### DATA EXCERPTS
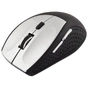 Мишка Esperanza Andromeda Bluetooth Black-Silver (EM123S) - зменшене зображення 1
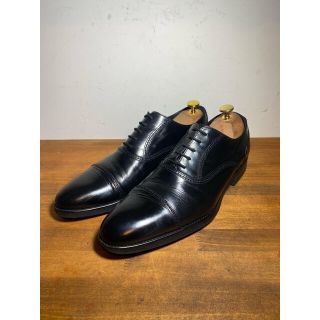 サントーニ(Santoni)のCalzoleria Toscana カルツォレリアトスカーナ　ストレートチップ(ドレス/ビジネス)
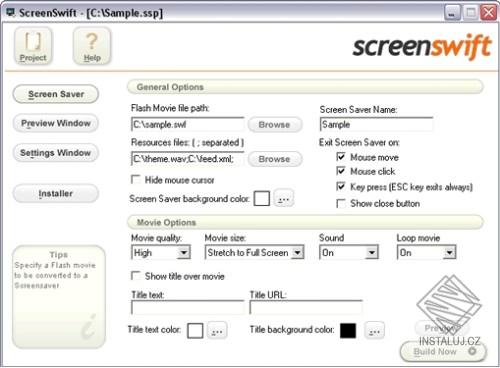 Screenswift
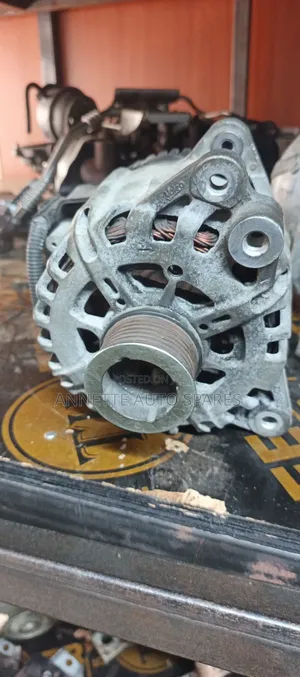 Mr20 Alternator Serena New Model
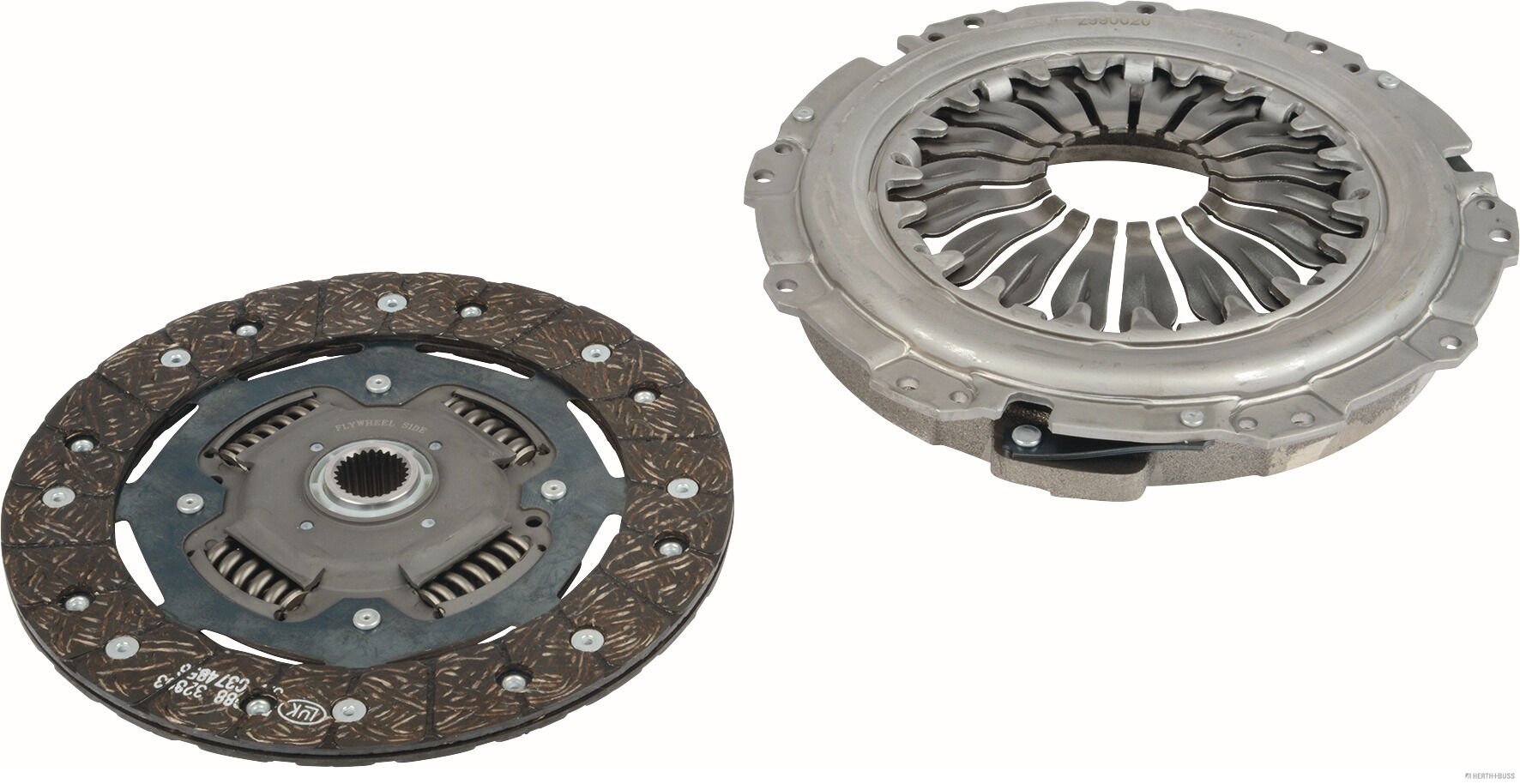 Herth+Buss Jakoparts Koppelingsset J2001334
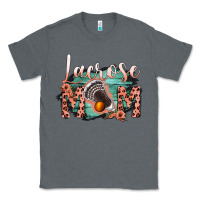 Charcoal Heather Lacrose Mom Classic Tee - Bettercallsaul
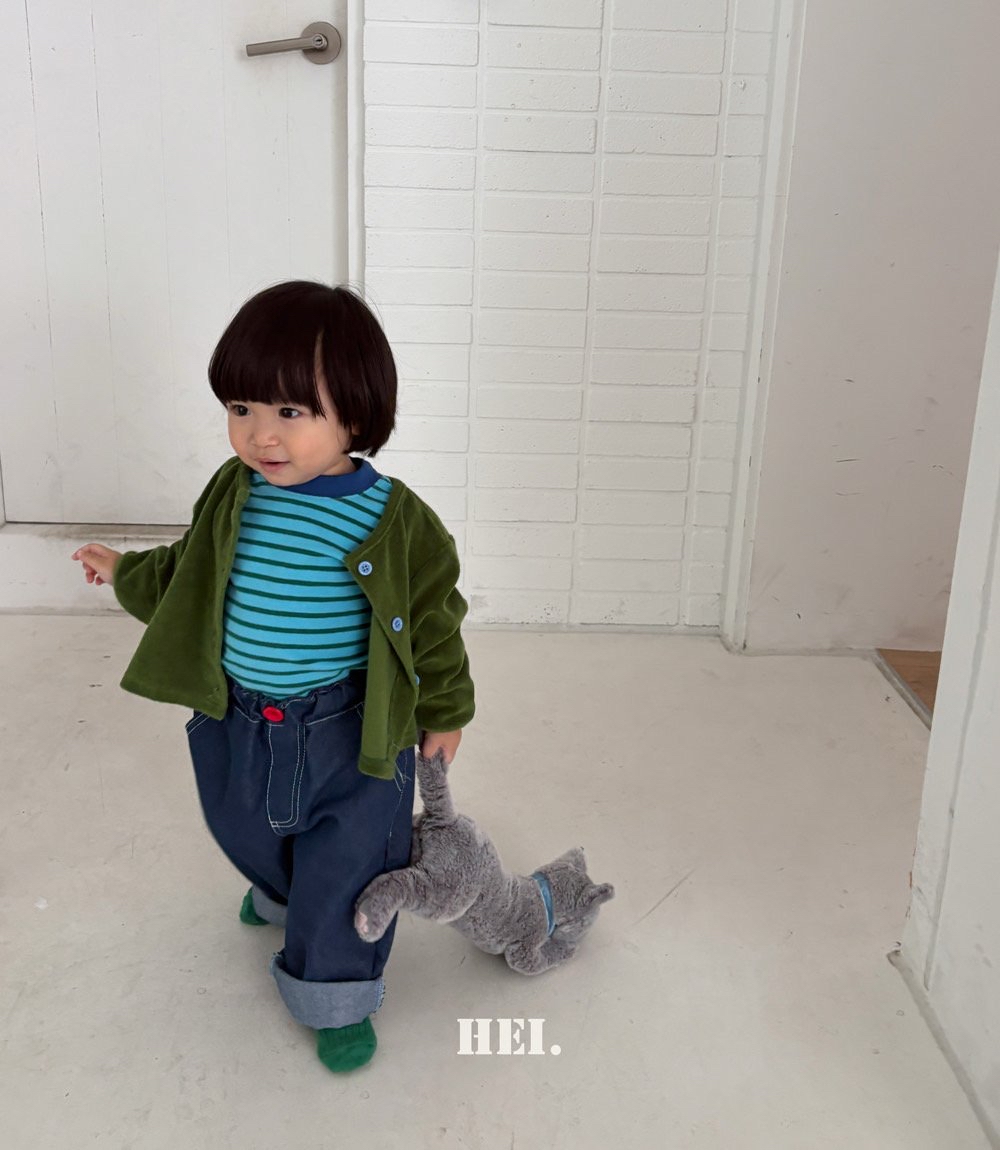 Hei | Tok-Tok Cardigan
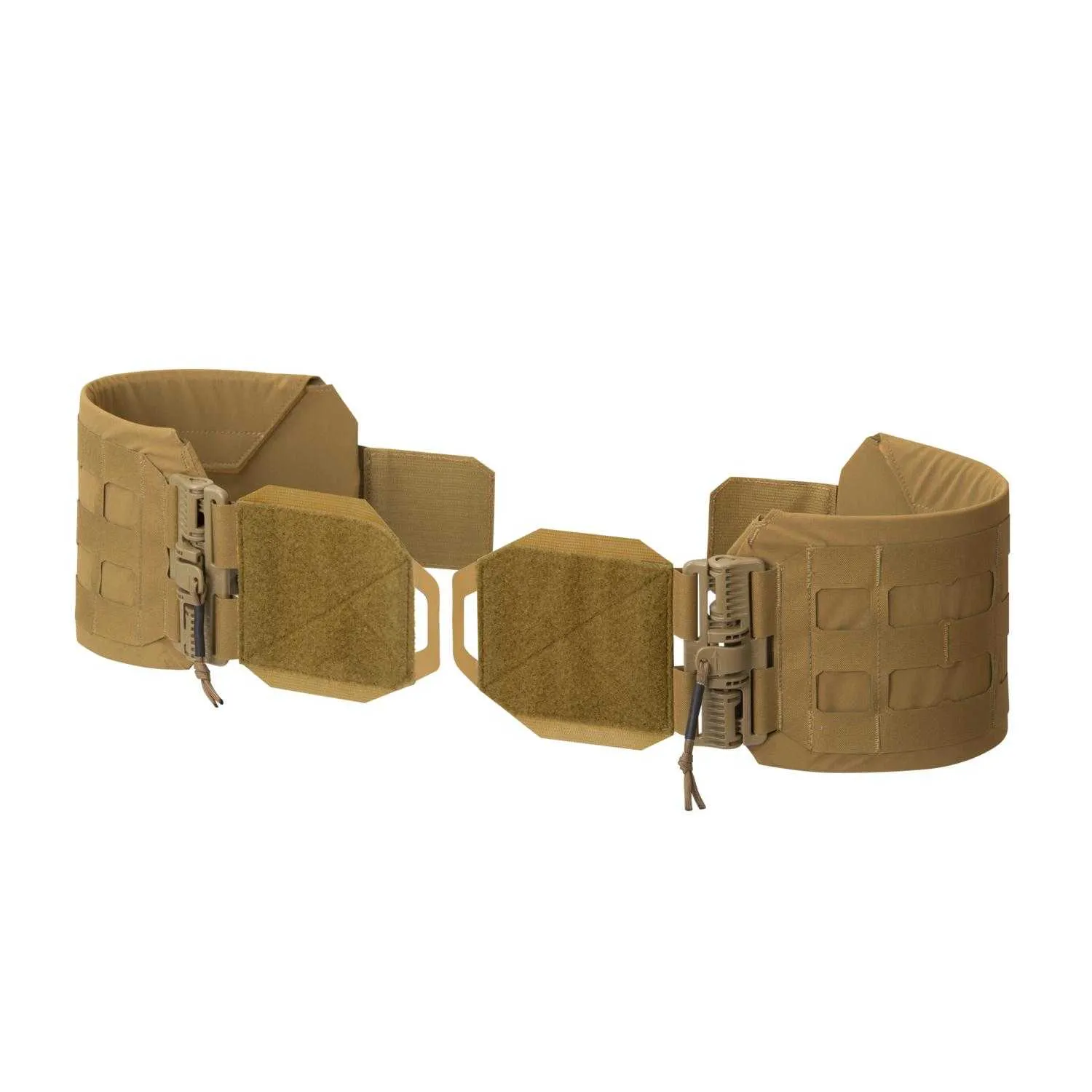 Direct Action Skeletonized Cummerbund Wide Coyote Brown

### WORK TASK
Please write out all of the data verbatim, with no pictures in the copy.

### YOUR RESPONSE
 Мишка Esperanza Andromeda Bluetooth Black-Silver (EM123S) - зменшене зображення 1
 サントーニ(Santoni)のCalzoleria Toscana カルツォレリアトスカーナ　ストレートチップ(ドレス/ビジネス)
 Screenswift
 Mr20 Alternator Serena New Model
 Herth+Buss Jakoparts Koppelingsset J2001334
 Charcoal Heather Lacrose Mom Classic Tee - Bettercallsaul
 Hei | Tok-Tok Cardigan
 Direct Action Skeletonized Cummerbund Wide Coyote Brown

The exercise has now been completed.